Colonization of microclimates

Gene Spears spears at
Thu Jun 11 09:32:27 EST 1992

In article <1992Jun10.224704.13682 at> rthomson at (Rich Thomson) writes:

>>While each little habitat "island" may have a limited number of 
>>species (and classic island biogeographic theory suggests that the number of 
>>species in each "island" is at equilibrium, and your efforts would only 
>>temporarily increase diversity), the different "islands" may have different 
>>assemblages of species.

>Where can I study about this "classic island biogeographic theory"?
>If we're talking the kind of island in the ocean, how is that relevant
>to a place like the middle of a continent?

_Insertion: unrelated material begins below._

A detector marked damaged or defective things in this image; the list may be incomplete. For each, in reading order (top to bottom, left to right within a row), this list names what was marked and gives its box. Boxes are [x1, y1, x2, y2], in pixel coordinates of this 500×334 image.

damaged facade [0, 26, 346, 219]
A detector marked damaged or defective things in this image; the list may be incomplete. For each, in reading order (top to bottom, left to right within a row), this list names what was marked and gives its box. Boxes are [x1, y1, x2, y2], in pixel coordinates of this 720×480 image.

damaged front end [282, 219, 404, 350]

	The best source for the classic theory is a short book by 
MacArthur & Wilson called (appropriately enough) "The Theory of Island 
Biogeography".  The reading is a bit heavy in spots, but the overall ideas 
are reasonably straightforward.  Basically, the idea is that the number of 
species found on an island depends on the rate of immigration and 
extinction, creating a dynamic equilibrium.  Even though the particular 
species found on an island will change over time, the number of species 
should remain relatively constant.  Variables like island area and distance 
from the mainland also effect the equilibrium number by affecting 
immigration and extinction rates.  More recent research shows that things 
are probably a bit more complicated than the equilibrium model 
	A lot of research has been done to suggest that isolated 
patches of habitat (like the fumaroles you described) can be considered as 
islands, even though they're surrounded by dry land.

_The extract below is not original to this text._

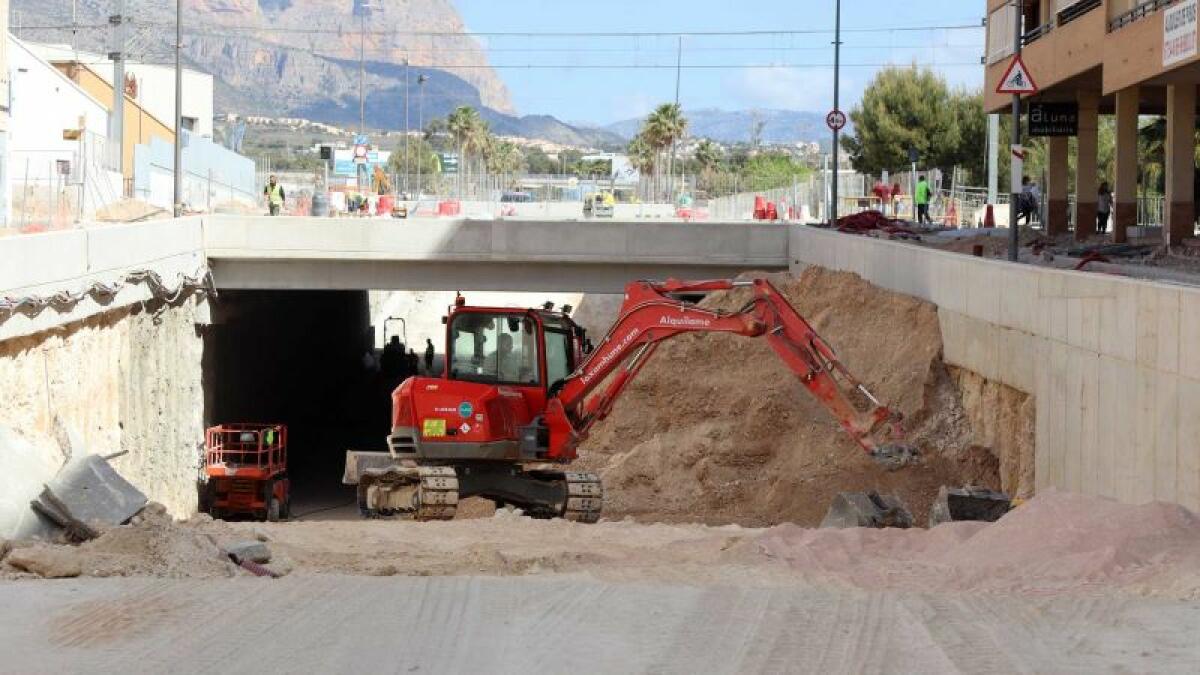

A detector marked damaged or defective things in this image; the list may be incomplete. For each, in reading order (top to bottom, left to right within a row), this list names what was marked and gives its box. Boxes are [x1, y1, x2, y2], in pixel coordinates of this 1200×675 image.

broken concrete block [820, 487, 912, 526]
broken concrete block [6, 542, 83, 576]
broken concrete block [225, 538, 272, 564]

>>      The system that you describe would be an ideal one for ecological 
>>studies of extinction and colonization.  Better to leave it alone for some 
>>future research.

>Better get there before the cows get at it, then.  This area also
>includes the following "goodies": plenty of monocrop farming right
>next door, the free world's largest Beryllium mine, various mining
>prospects, garbage dumps, and a cinders mine (for garden lava rock).
>This may give you a different idea of what this place looks like (my
>first description only described the aspects relevant to my query);
>this is definately *not* a pristine, untouched environment.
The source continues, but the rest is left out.